SOURCE MATERIAL START

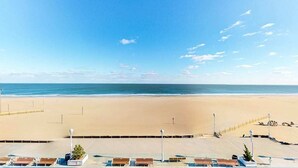 Uitzicht op een strand met heldere lucht, zandstrand en een rij ligbedden.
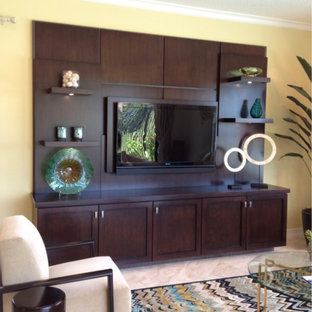This is an example of a small open plan home cinema in Los Angeles with yellow walls and a built-in media unit.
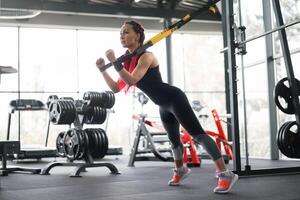 Athlete woman training exercising with suspension system indoor gym. Beautiful caucasian sportive woman do stretching strenght exercise with special strap photo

SOURCE MATERIAL END

**WHAT IS BEING ASKED:** Print out the complete listing above exactly, dropping each image.

**RESULT OF THE EXERCISE:**
 Uitzicht op een strand met heldere lucht, zandstrand en een rij ligbedden.
This is an example of a small open plan home cinema in Los Angeles with yellow walls and a built-in media unit.
 Athlete woman training exercising with suspension system indoor gym. Beautiful caucasian sportive woman do stretching strenght exercise with special strap photo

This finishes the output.